▶ _Work request_: Pictures are to be omitted. Output only the lines from the one containing "Quà tặng rượu" through the end of the data, word for word.

▶ _Material provided_:
• • • • • • •

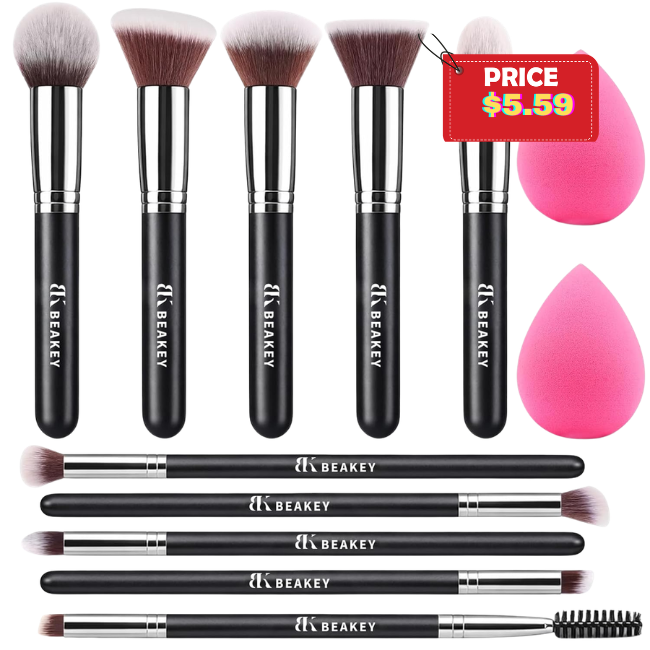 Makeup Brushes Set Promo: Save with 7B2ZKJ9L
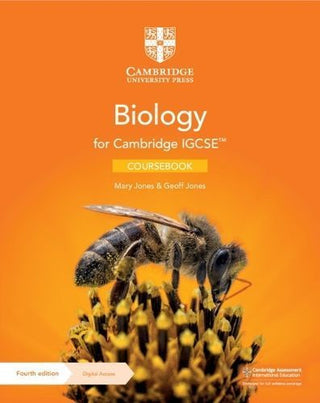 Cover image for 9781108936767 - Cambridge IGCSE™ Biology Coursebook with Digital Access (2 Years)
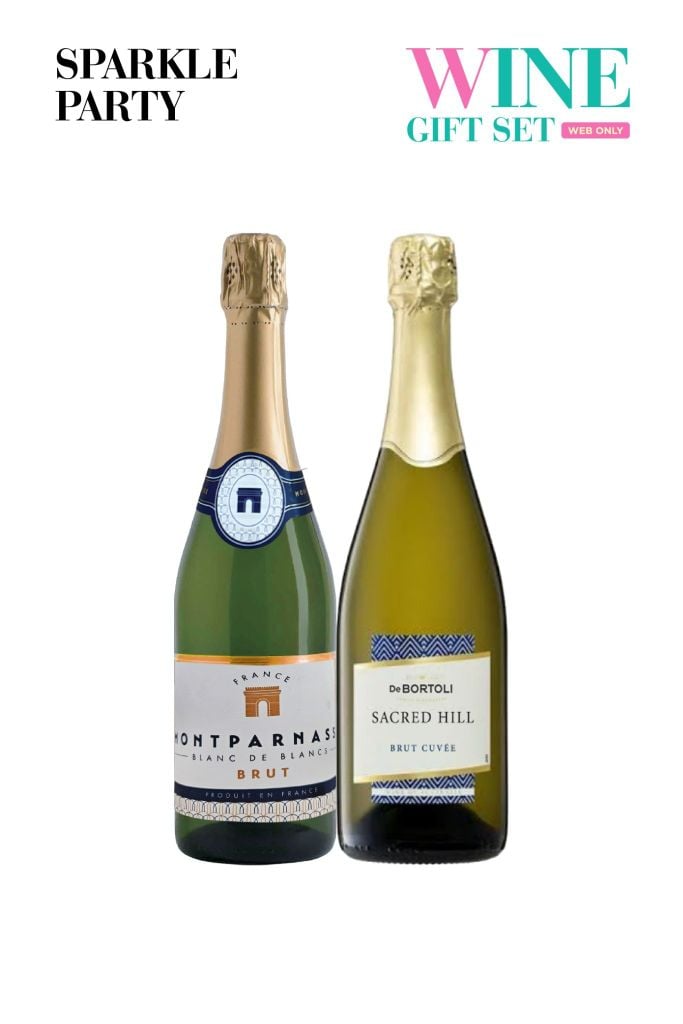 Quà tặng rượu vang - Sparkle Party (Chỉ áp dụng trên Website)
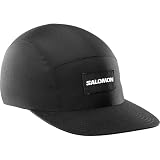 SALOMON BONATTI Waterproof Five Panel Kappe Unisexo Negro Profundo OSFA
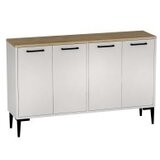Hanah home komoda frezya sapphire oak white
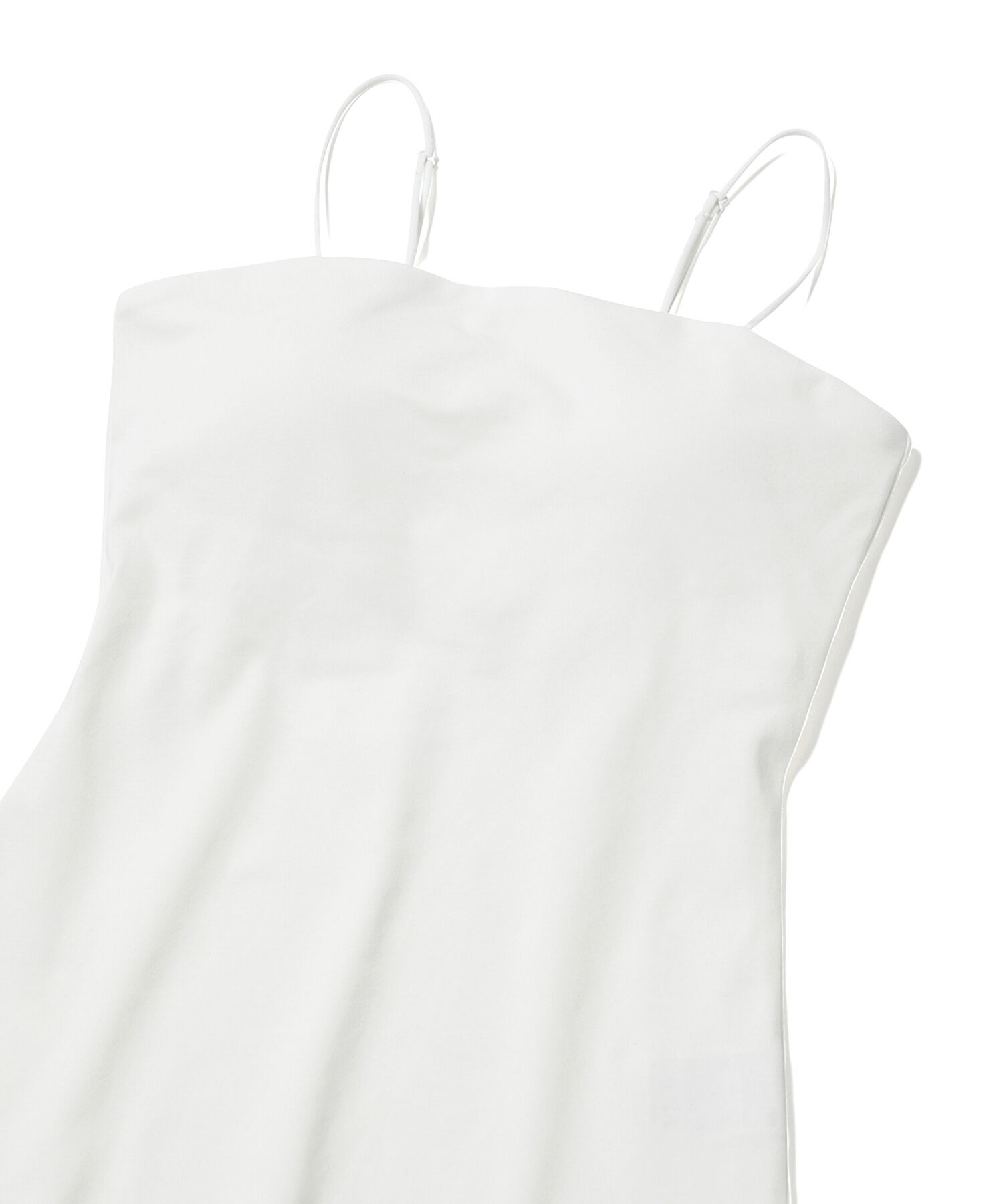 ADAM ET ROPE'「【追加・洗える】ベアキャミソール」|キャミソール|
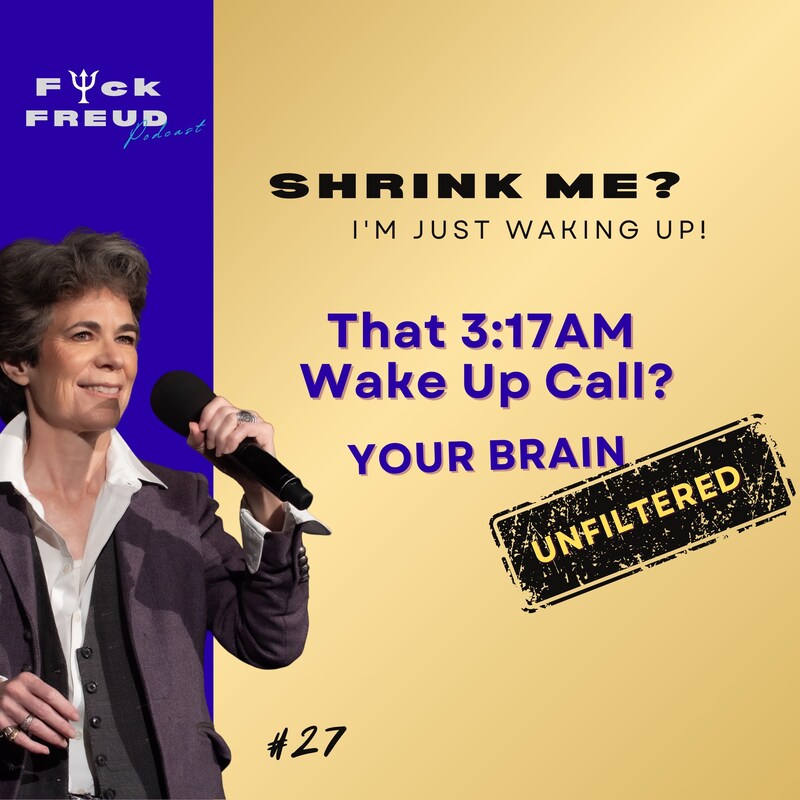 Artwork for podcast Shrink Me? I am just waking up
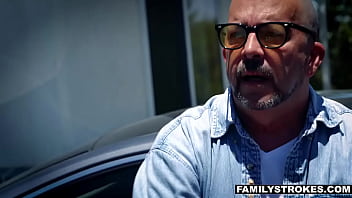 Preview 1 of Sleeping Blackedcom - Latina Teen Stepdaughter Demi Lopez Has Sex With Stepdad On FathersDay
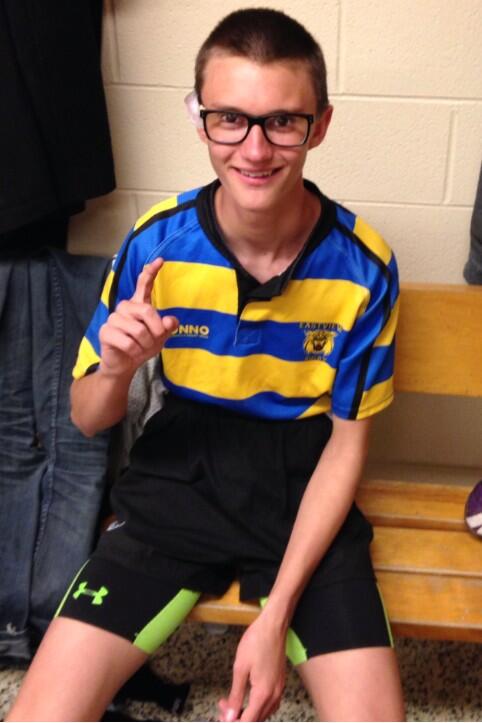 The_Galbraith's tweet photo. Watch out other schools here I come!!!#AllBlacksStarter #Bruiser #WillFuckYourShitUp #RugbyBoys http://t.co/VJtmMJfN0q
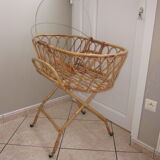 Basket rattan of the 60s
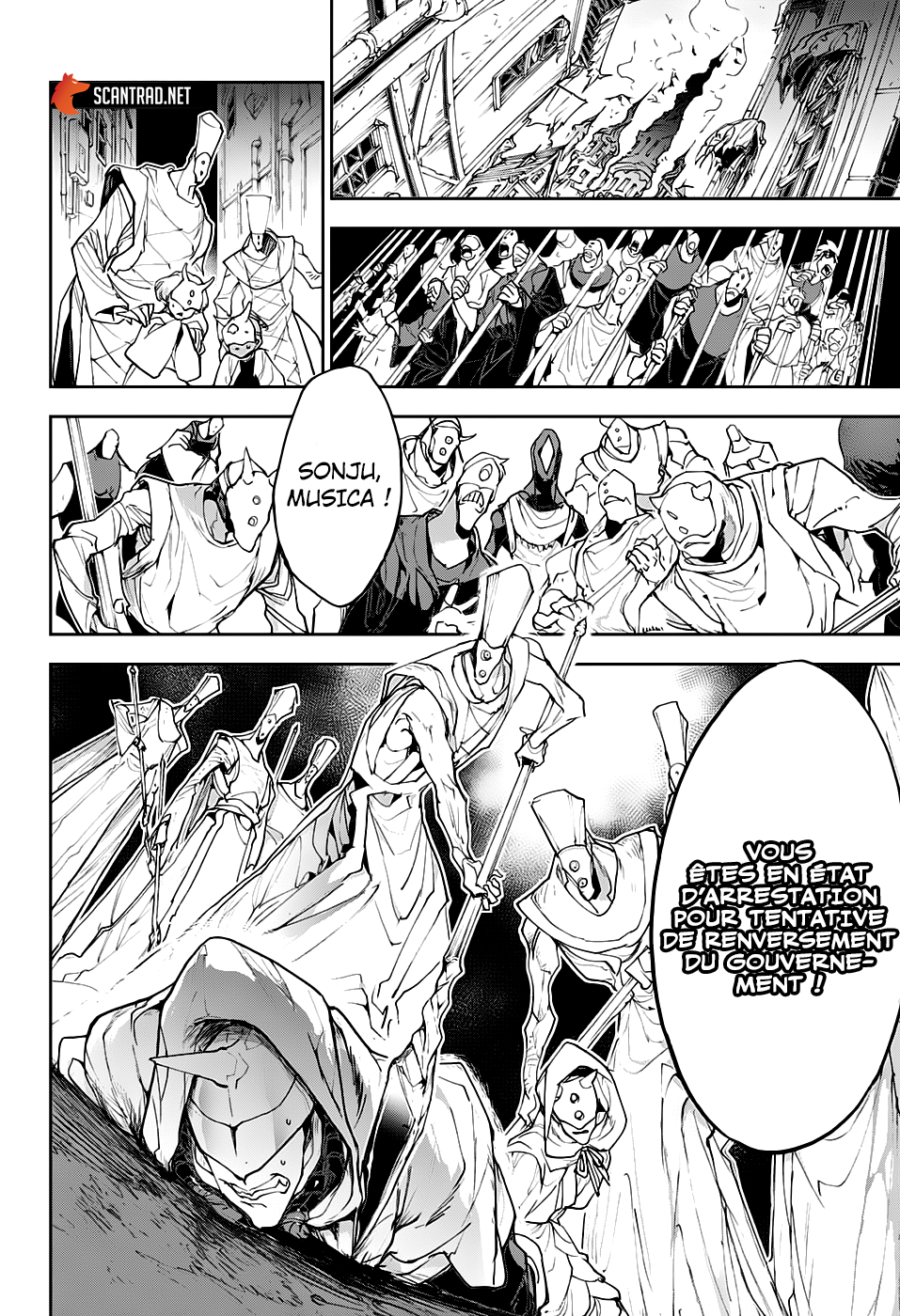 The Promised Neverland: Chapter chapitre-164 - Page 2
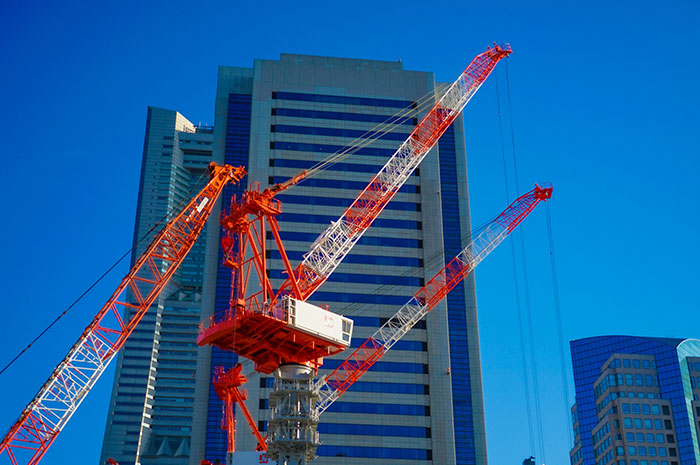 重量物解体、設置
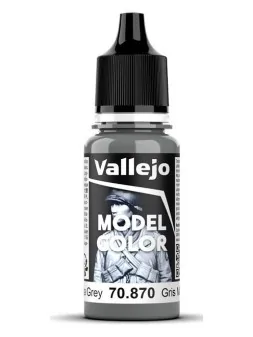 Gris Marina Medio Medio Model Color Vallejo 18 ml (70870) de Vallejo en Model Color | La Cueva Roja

• • • • • • •

▶ _Solved problem_:
 Quà tặng rượu vang - Sparkle Party (Chỉ áp dụng trên Website)
 SALOMON BONATTI Waterproof Five Panel Kappe Unisexo Negro Profundo OSFA
Hanah home komoda frezya sapphire oak white
 ADAM ET ROPE'「【追加・洗える】ベアキャミソール」|キャミソール|
 Artwork for podcast Shrink Me? I am just waking up
 Preview 1 of Sleeping Blackedcom - Latina Teen Stepdaughter Demi Lopez Has Sex With Stepdad On FathersDay
 The_Galbraith's tweet photo. Watch out other schools here I come!!!#AllBlacksStarter #Bruiser #WillFuckYourShitUp #RugbyBoys http://t.co/VJtmMJfN0q
 Basket rattan of the 60s
 The Promised Neverland: Chapter chapitre-164 - Page 2
 重量物解体、設置
 Gris Marina Medio Medio Model Color Vallejo 18 ml (70870) de Vallejo en Model Color | La Cueva Roja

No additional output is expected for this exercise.